START Recorded data
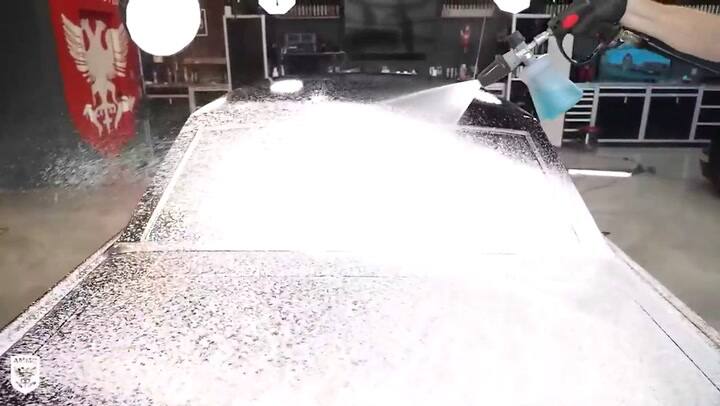 Debido a los años de abandono, el auto necesitaba una profunda desinfección y limpieza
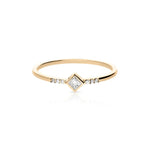 René Princess-Cut Diamond Ring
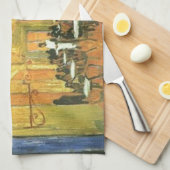 カフェテラス – ビンセントバンゴッホ キッチンタオル (四つ折り)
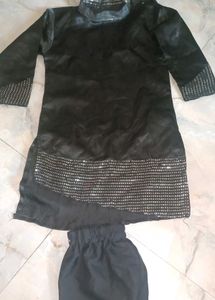 Black sequin dress and pants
END Recorded data
- [What you will do]
Please give back the material above exactly as written, pictures omitted.

- [Problem solution]
 Debido a los años de abandono, el auto necesitaba una profunda desinfección y limpieza
 René Princess-Cut Diamond Ring
 カフェテラス – ビンセントバンゴッホ キッチンタオル (四つ折り)
 Black sequin dress and pants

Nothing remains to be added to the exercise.